# [EXERCISE]
In the material below, find the span from the line with "Venkovní bonsai - Taxus" to the line with "agave utahensis" and transcribe only those lines, exactly, ends included, without the pictures.

# [AVAILABLE RECORDS]
BEGIN

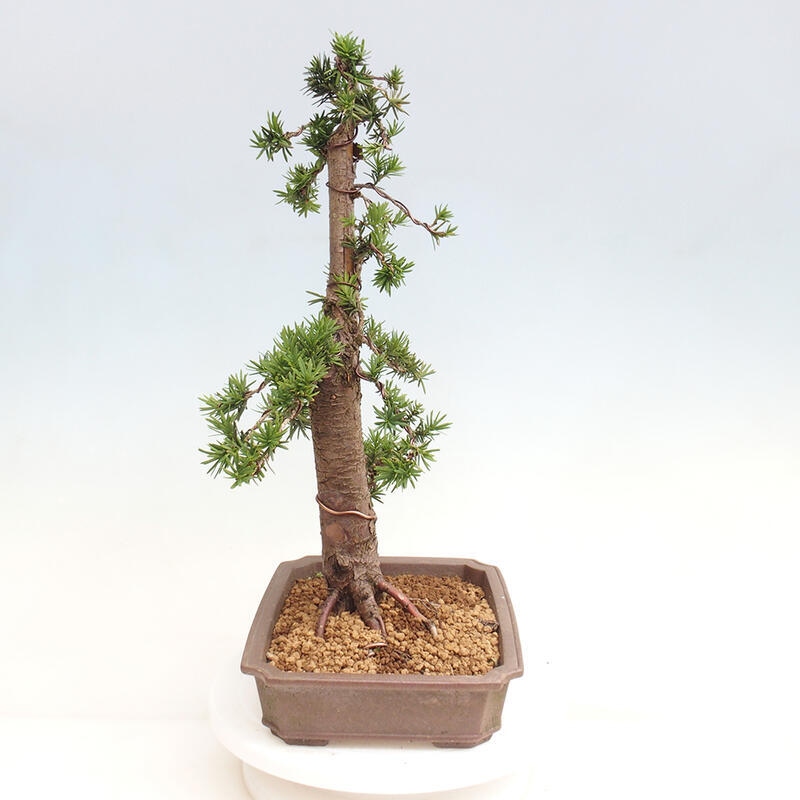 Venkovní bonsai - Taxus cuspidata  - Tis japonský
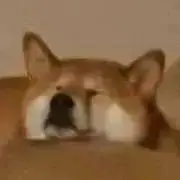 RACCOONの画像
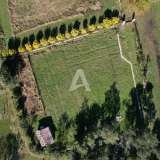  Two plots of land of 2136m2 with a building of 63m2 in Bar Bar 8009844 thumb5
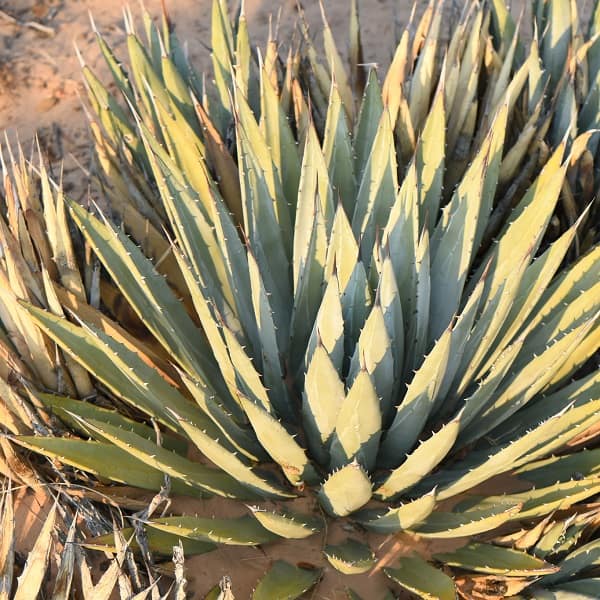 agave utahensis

END
BEGIN

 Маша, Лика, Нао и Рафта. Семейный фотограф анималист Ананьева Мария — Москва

END

# [OUTPUT]
 Venkovní bonsai - Taxus cuspidata  - Tis japonský
 RACCOONの画像
  Two plots of land of 2136m2 with a building of 63m2 in Bar Bar 8009844 thumb5
 agave utahensis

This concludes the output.